Privacy: Bank secrecy laws help individuals and businesses evade disclosure in their home countries. People and corporations can protect their assets from lawsuits by depositing their money in offshore banks. Creditors cannot reach such assets in bankruptcy hearings. The privacy laws and low tax rates in offshore centers can also provide tax havens. Offshore centers include dependencies of the United Kingdom and other developed countries, as well as independent countries. A prominent example is the Cayman Islands, a British Crown Colony in the Caribbean Sea, near Cuba. The Caymans have only 40,000 inhabitants but also count 70,000 companies, including several hundred banks and the world's four largest legal and accounting firms. In the Caymans, it is a crime to discuss confidential business, defined as matters learned on the job, in public.

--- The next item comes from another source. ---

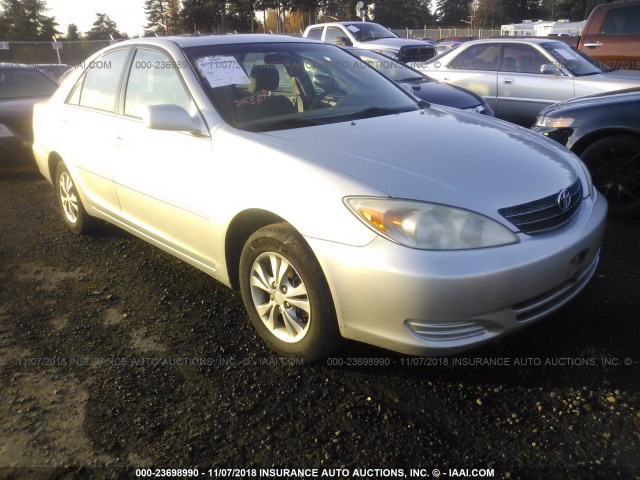 4T1BF32K04U587723 - 2004 TOYOTA CAMRY LE/XLE/SE SILVER photo 1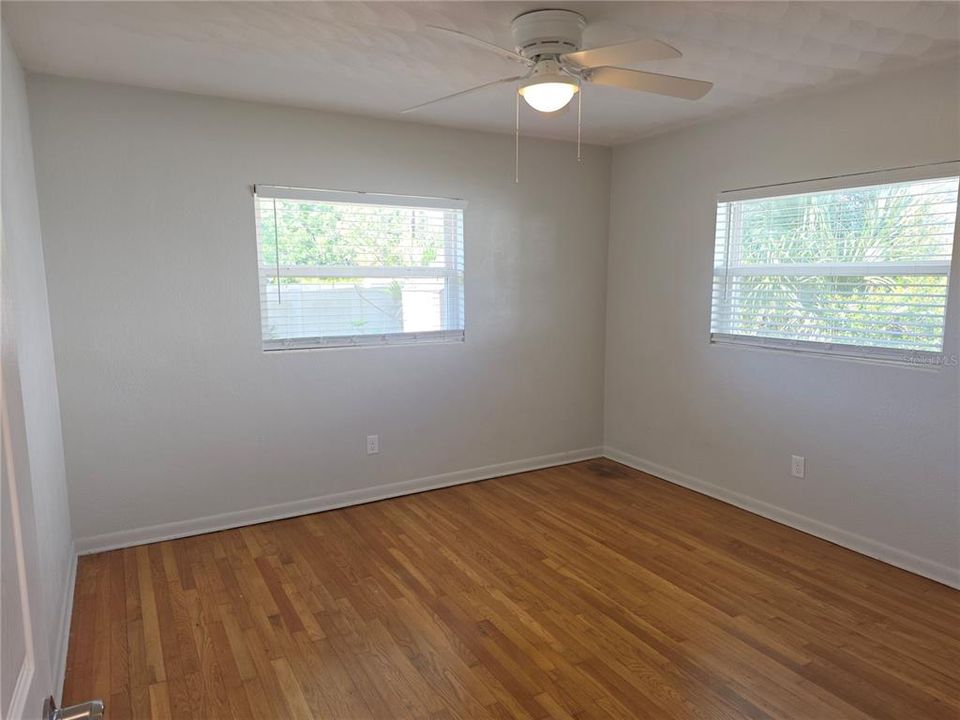 For Rent: $1,700 (2 beds, 1 baths, 832 Square Feet)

Assets placed in an offshore center by an individual or corporation in a trust are not covered by lawsuits originating in other countries. To get at those assets, additional lawsuits would have to be filed in the offshore centers, where privacy laws would shield the individual or corporation from undesired disclosures.
Answer to Question 2
Answer: In many developed countries, geographers observe that ranking settlements from largest to smallest produces a regular pattern or hierarchy. This is the rank-size rule, in which the country's nth-largest settlement is 1/n the population of the largest settlement. A country's second-largest city is one-half the size of the largest, the fourth-largest city is one-fourth the size of the largest, and so on. When plotted on logarithmic paper, the rank-size distribution forms a fairly straight line. The distribution of settlements closely follows the rank-size rule in the United States and a handful of other countries. If the settlement hierarchy does not graph as a straight line (on a logarithmic scale), then the society does not have a rank-size distribution of settlements.
Several developed countries in Europe follow the rank-size distribution among smaller settlements but not among the largest ones. Instead, the largest settlement in these countries follows the primate city rule. According to the primate city rule, the largest settlement has more than twice as many people as the second ranking settlement. In this distribution, the country's largest city is called the primate city. The existence of a rank-size distribution of settlements is not merely a mathematical curiosity. It has a real impact on the quality of life for a country's inhabitants. A regular hierarchy, as in the United States, indicates that the society is sufficiently wealthy to justify the provision of goods and services to consumers throughout the country.
Conversely, the primate city distribution in a developing country indicates that there is not enough
wealth in the society to pay for a full variety of services.